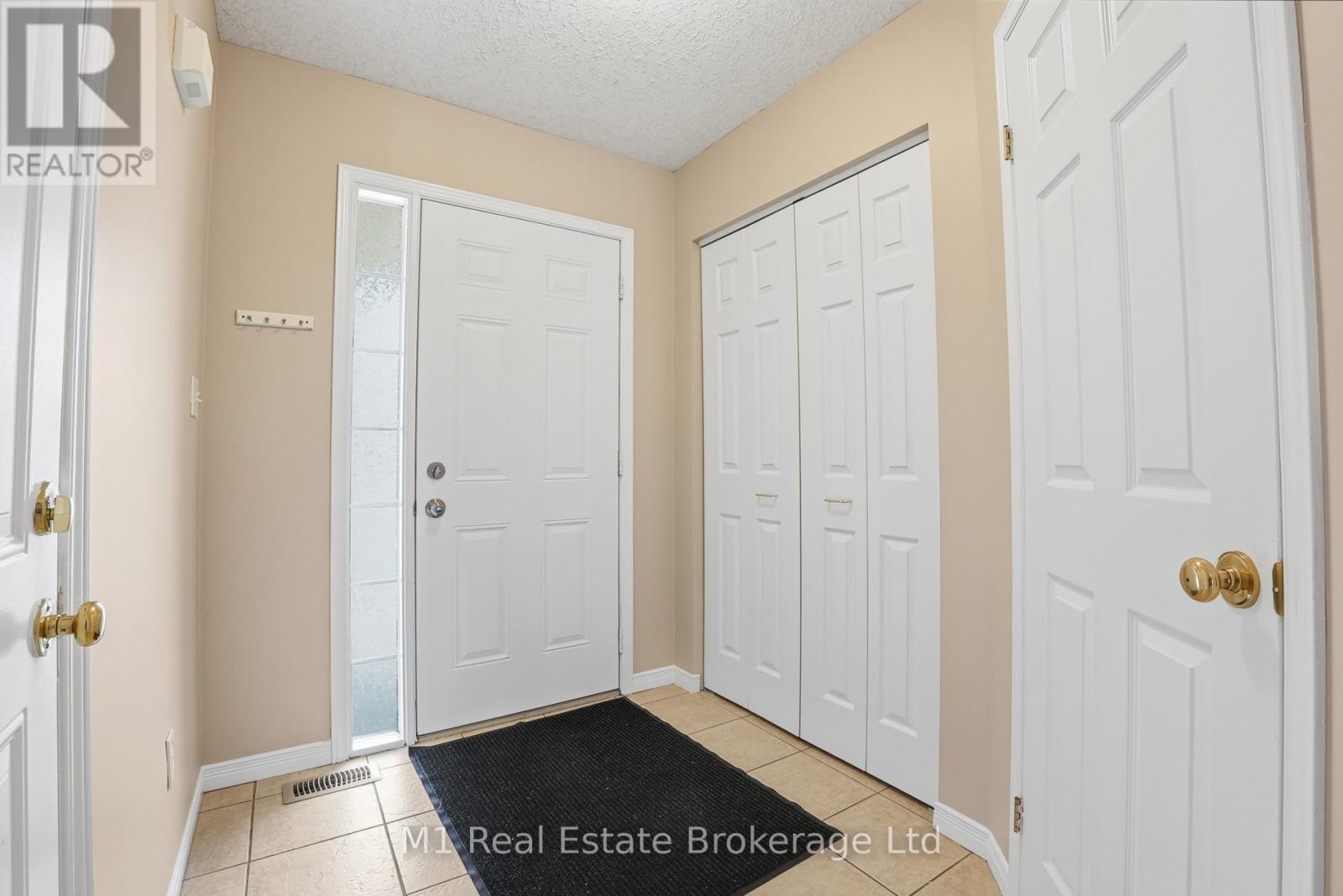 8 RALSTON DRIVE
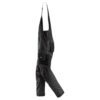Ogrodniczki Snickers Workwear 6051 AllroundWork, rozmiar 48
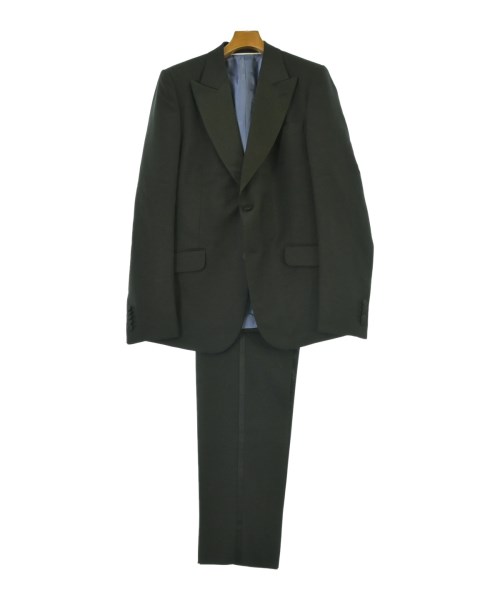 GUCCI グッチ セットアップ・スーツ（その他） メンズ 【古着】【中古】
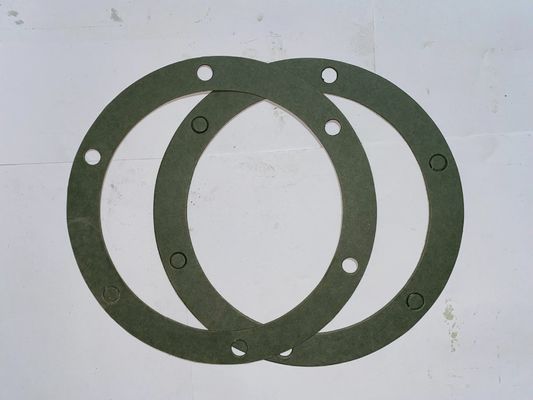 Piastra di riserva 10W12V190.22.04b Adatti a varie applicazioni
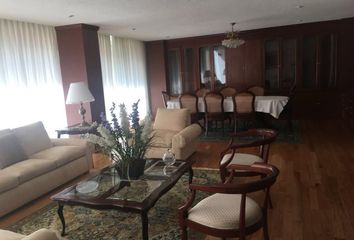 Departamento en  Avenida Homero, Polanco, Miguel Hidalgo, Ciudad De México, 11510, Mex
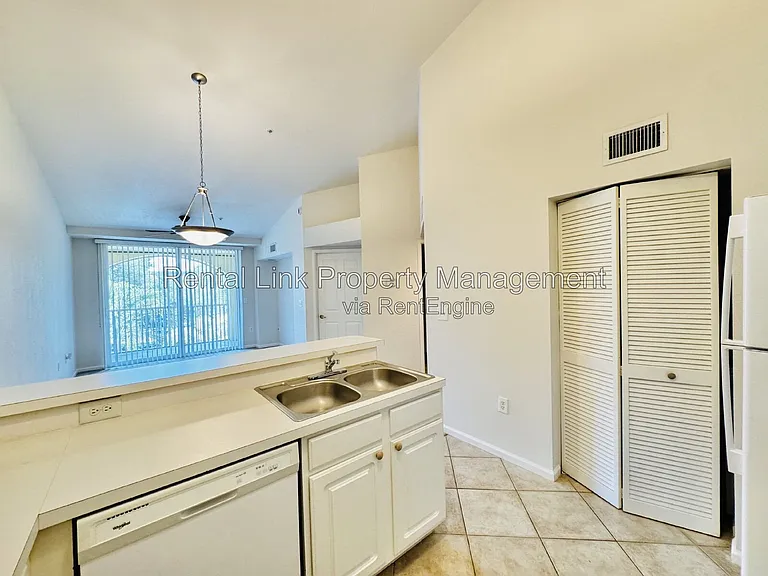 4105 Residence Dr #719 — Photo 15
====
== Required work ==
Retype, word for word, only the line holding "Piastra di riserva" and the lines after it through the final line of the listing above, and leave every picture out.

== Exercise output ==
 Piastra di riserva 10W12V190.22.04b Adatti a varie applicazioni
 Departamento en  Avenida Homero, Polanco, Miguel Hidalgo, Ciudad De México, 11510, Mex
 4105 Residence Dr #719 — Photo 15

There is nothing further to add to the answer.